= Temüge =

Brother of Genghis Khan (1168–1246)

Temüge (Тэмүгэ) (c. 1168–1246) was the youngest brother of Genghis Khan, fourth son of Yesugei.

== Early life ==
The Secret History of the Mongols states that "when Temujin was 9 years of age, Temüge was three years old." As the youngest son, he received a prefix to the name "otchigin" (diminutive form of "отгон" or “otgon” meaning "junior", Also Ot (Fire) Tegin (Junior member of Khan family) as old Turkic), who in the family is always a "guardian of the family and home", and therefore is often referred to as Temüge-otchigin or simply Otchigin. In childhood and adolescence was somewhat spoiled by his mother and older brothers, inclined to luxury, but was "courageous, powerful and quick in battle" that was recognized even by the family's enemies. When the Böö, Kokochu (Teb-Tengri) started dragging the power over the Mongols to his own family, Genghis Khan sanctioned Temüge to kill Kokochu in an orchestrated wrestling match.

== Interim ruler ==
As the youngest male offspring, Temüge and his mother, by Mongol traditions, were allotted the most land and people by Genghis Khan during his coronation. He seems to have been the least warlike of the brothers, and was criticized by Genghis himself as lazy and shiftless. However, Temüge was a skilled politician and capable ruler, who, alongside his mother Hoelun, ruled the Mongol heartland in his elder brothers' absence while they engaged in military campaigns. He appears to have had intellectual leanings, first coming under the influence of the conquered Xia and Jin cultures and then taking an active interest in the other cultures encompassed in the Mongol Empire.

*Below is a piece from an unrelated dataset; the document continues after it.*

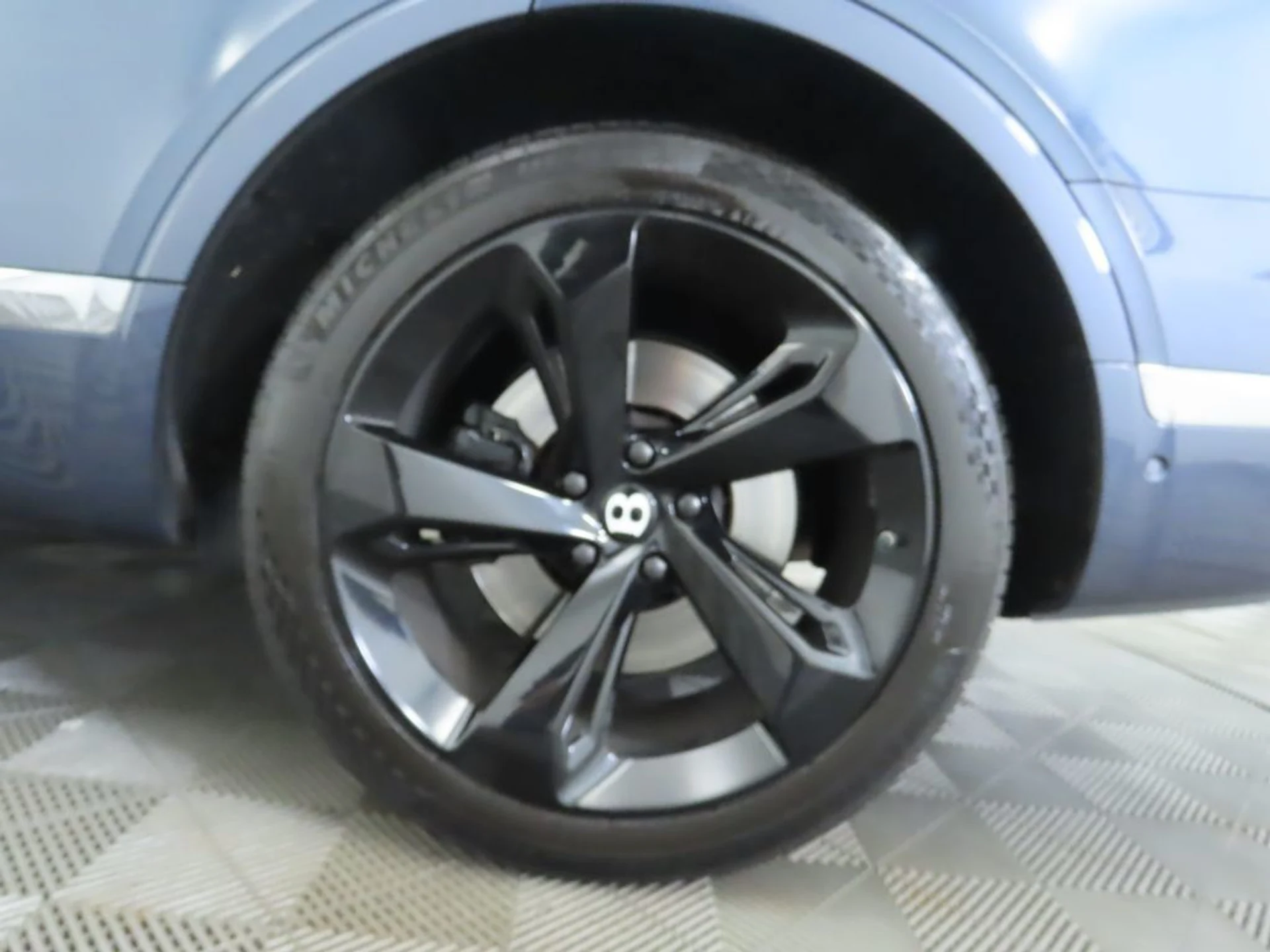 mph031_1818586920_used_2019_bentley_bentayga_v8awd_8119_22979397_32_1024_d4b2c6158c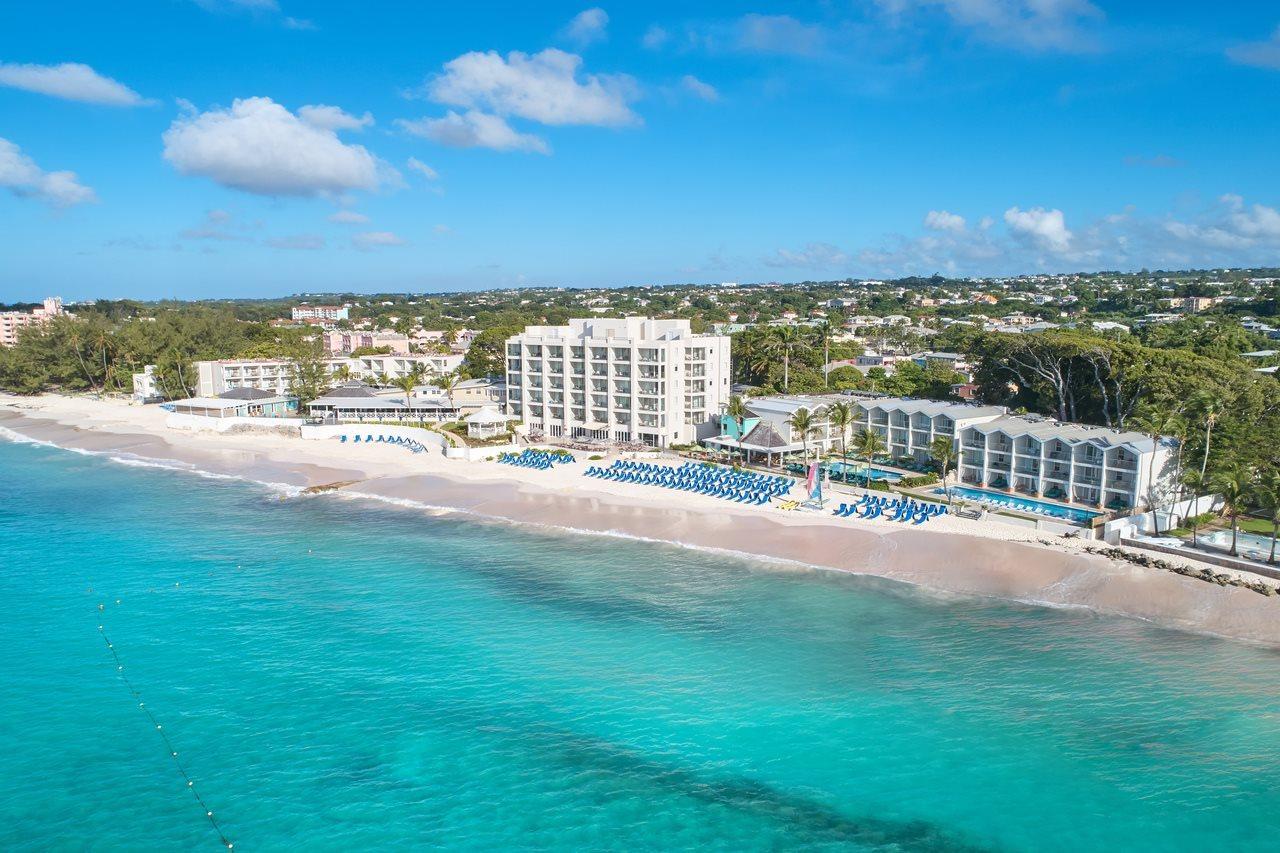 Ocean Two Resort - Breakfast Included By Ocean Hotels Saint Lawrence Gap Extérieur photo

Temüge attempted to enter the main political arena after the death of Ögedei Khan, his nephew and son of Genghis Khan, in 1241. At that time, Ogedei's son Güyük Khan was engaged in the "Western campaign" in Russia and Europe. Temüge-otchigin tried to seize the throne, but was prevented by Töregene, Ogedei's widow and Güyük's mother. After the 1246 kurultai elected Güyük as great khan, Temüge was executed.